Anna Maria Mayor Mike Selby said last week he will not seek a second term in the November city election.
The mayor said it took him longer than he expected to make his decision, but believes it is the right choice for himself, the city and his family.
“I took this on in 2010 with the idea of bridging the gap. I think things have toned down a bit and people are dealing with the issues that face the city,” he said.
Getting people to discuss issues rationally was one of the reasons he sought the office in 2010, he said.
“It’s been an interesting time for me personally and I have been blessed with a phenomenal staff that helped and supported me through the past year and a half.
“There are several things I want to see move forward during my remaining time in office, and then I know there will be someone who will step in and continue to move the city in the right direction,” Selby said.
When he ran for office in 2010, the city was in turmoil with supporters of then-Commissioner Harry Stoltzfus on one side, and those who supported development of Pine Avenue on the other side.
The dispute sparked a number of lawsuits against the city, and eventually hundreds of Stoltzfus’ e-mails were uncovered, including some unflattering to then-Mayor Fran Barford. Some people suggested Stoltzfus’ previously undisclosed e-mails to citizens about city business may have violated Florida’s Government-in-the-Sunshine Laws.
Stoltzfus was recalled from office in a special election Sept. 9, 2010, and Selby was convinced by supporters just before the deadline for the regular city election in November to register as a candidate for mayor. Barford did not seek a third term in office.

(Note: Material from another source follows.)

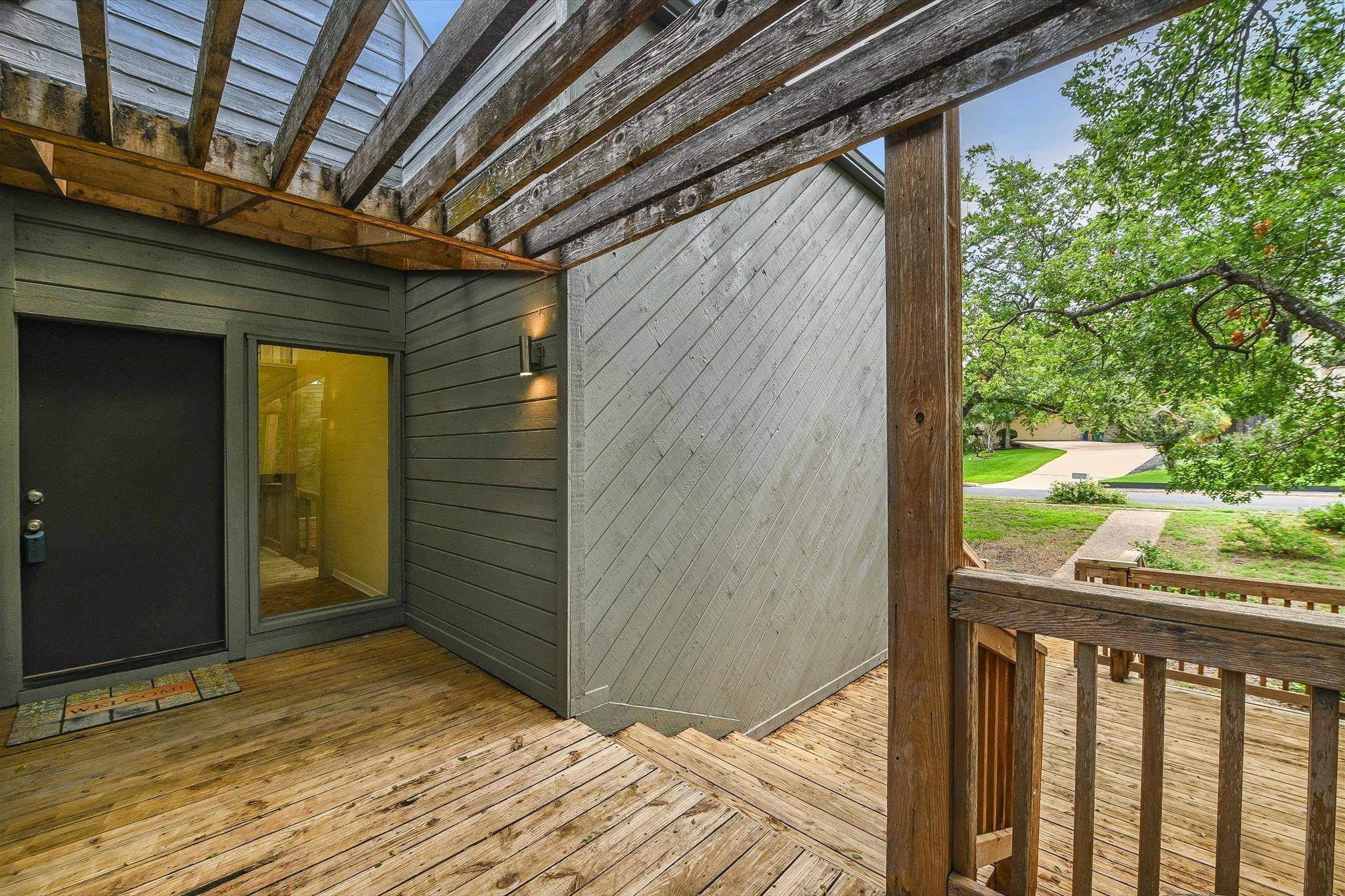 8804 Mountain Path CIR, Austin, TX 78759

Had Selby not sought the office, planning and zoning board chair Sandy Mattick would have been the only candidate to qualify and she would have taken office.
Selby maintains he only considered serving one term when first elected, but reviewed his position after encouragement from a number of voters.

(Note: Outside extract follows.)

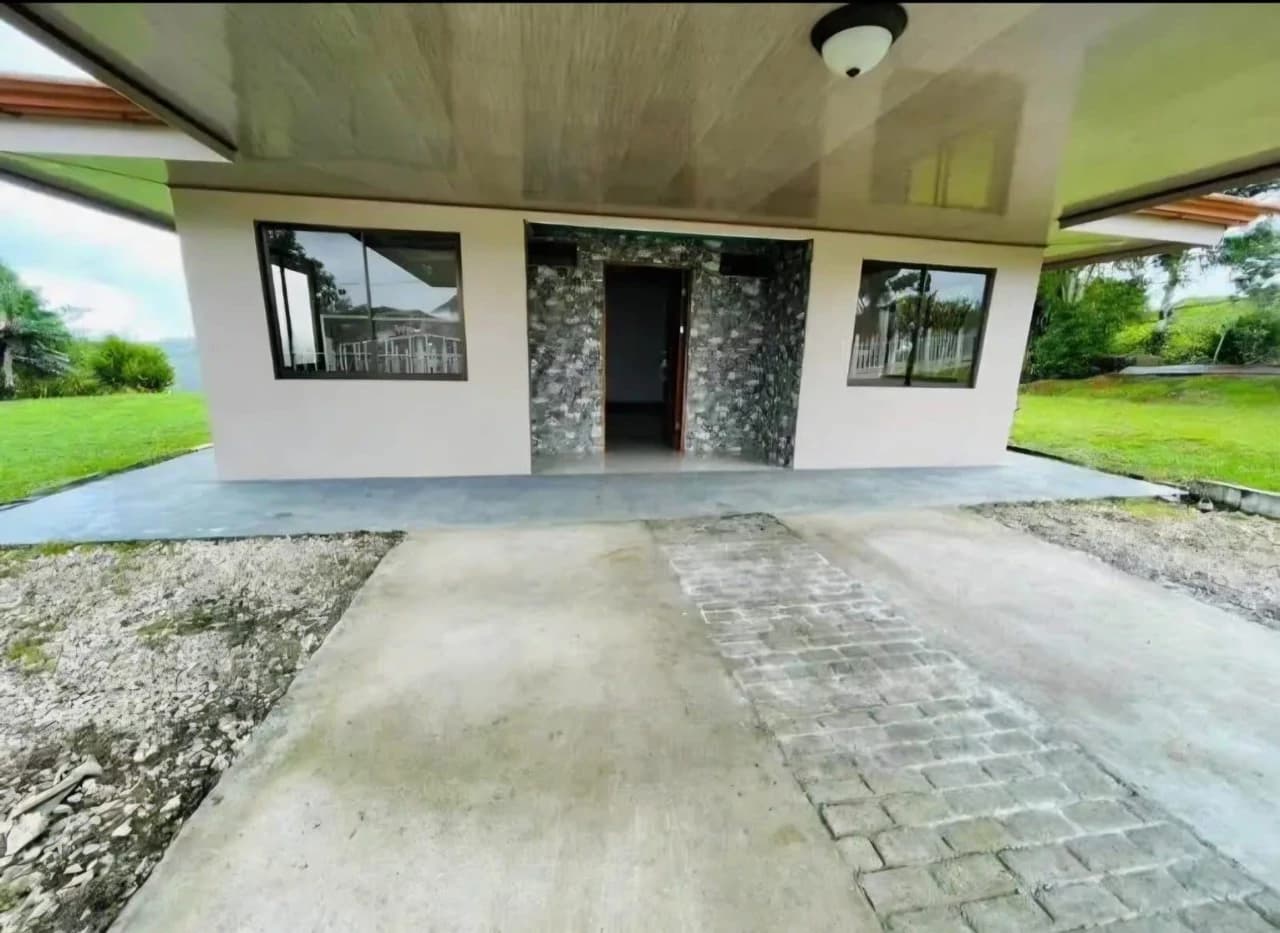 House for Sale, Located in San Vito: Beautiful house for sale in the quiet area of San Vito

No one has yet announced plans to seek the mayor’s post or a seat on the commission in the Nov. 6 election.
Sandy Mattick said she would not run again for mayor as she has a new job that would interfere with the duties of mayor, she said.
Commissioner Jo Ann Mattick, whose third term expires in November, said she has not given any serious thought to a fourth term. “It’s too early to think about running again,” she said.

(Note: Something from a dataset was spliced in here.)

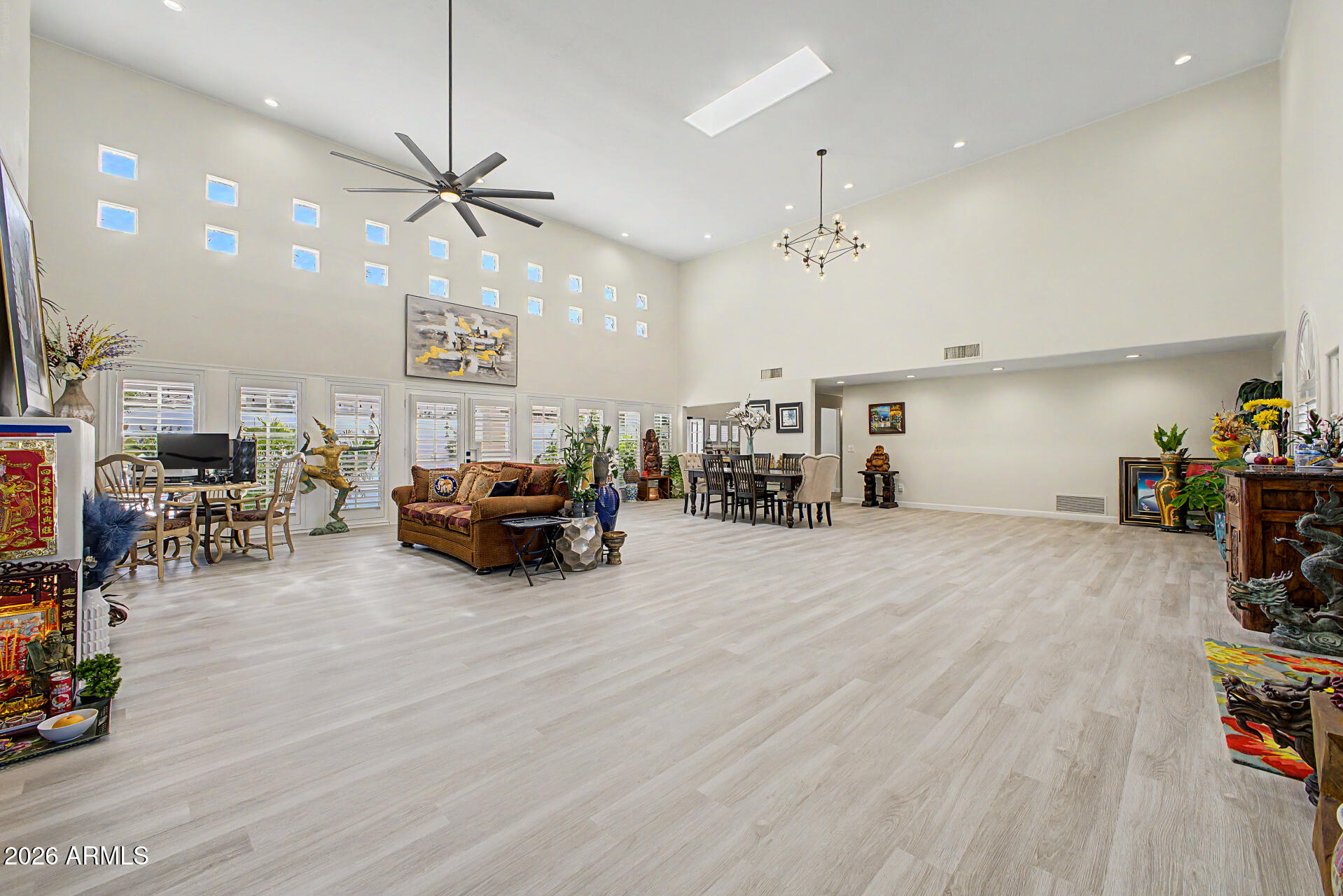 Properties 4 5345 E MCLELLAN Road 107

Likewise, Commission Chair Chuck Webb, who also is up for re-election in November, said it’s too early to make a decision.
Planning and zoning board member Nancy Yetter was defeated in November 2011 in her bid for a commission seat, and had said then she would likely run again in 2012. Efforts to reach Yetter for comment prior to press deadline for The Islander were unsuccessful.
But Webb, Jo Ann Mattick, and anyone considering a run for municipal or county office must decide soon.
The Manatee County Supervisor of Elections office has set qualifying for city and county candidates from noon Monday, June 4, to noon Friday, June 8, although Anna Maria is qualifying candidates May 29-June 8, in order to prepare for primary voting in August, although the city elections do not take part in the primary.
In previous election years, qualifying did not begin until July or August.
Elections in all three Island cities for a commission seat or the mayor’s office are non-partisan.
The terms of all Anna Maria elected officials are for two years. A commissioner is paid $400 per month, while a mayor’s salary is $800 per month.